## GOAL OF THE EXERCISE
Leaving out the pictures, transcribe all of the records faithfully.

*** MATERIAL PROVIDED

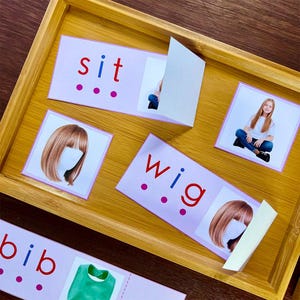 Pode incluir: Um conjunto de flashcards rosa e branco com as palavras "sit", "wig" e "bib" impressas nelas. Cada cart&atilde;o tem uma imagem correspondente, como uma pessoa sentada, uma peruca e um babador.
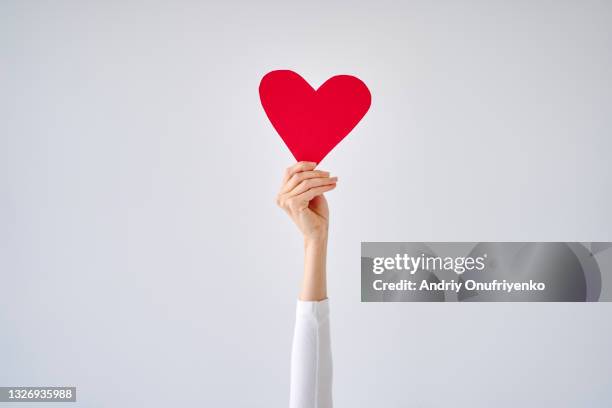 female's hand holding red heart against white grey background. - assistant photos et images de collection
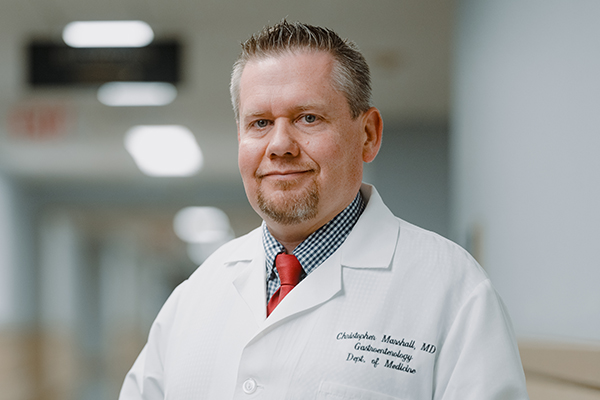 A doctor in a white coat, standing in the hallway of a medical facility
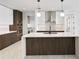 Modern kitchen with island, stainless steel appliances, and dark wood cabinetry at 777 3Rd N Ave # 1204, St Petersburg, FL 33701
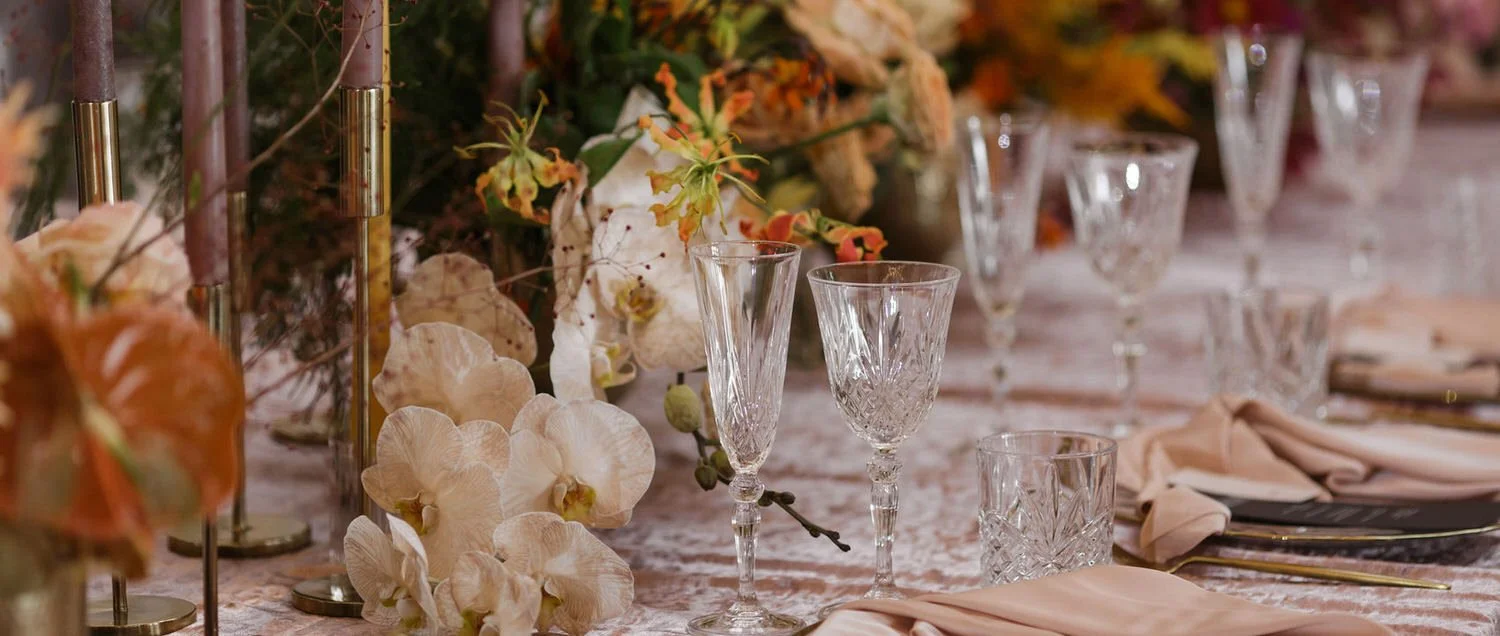 Elegant table with crystal glassware, peach-colored napkins, and floral centerpieces with orchids and autumn-colored flowers.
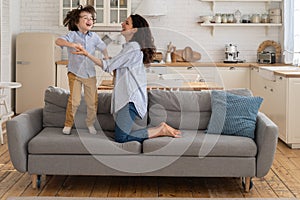Mother and child laughing having fun, holding hands and jumping on sofa at home. Happy family.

******

## ANSWER SPACE
 Pode incluir: Um conjunto de flashcards rosa e branco com as palavras "sit", "wig" e "bib" impressas nelas. Cada cart&atilde;o tem uma imagem correspondente, como uma pessoa sentada, uma peruca e um babador.
 female's hand holding red heart against white grey background. - assistant photos et images de collection
 A doctor in a white coat, standing in the hallway of a medical facility
 Modern kitchen with island, stainless steel appliances, and dark wood cabinetry at 777 3Rd N Ave # 1204, St Petersburg, FL 33701
 Elegant table with crystal glassware, peach-colored napkins, and floral centerpieces with orchids and autumn-colored flowers.
Mother and child laughing having fun, holding hands and jumping on sofa at home. Happy family.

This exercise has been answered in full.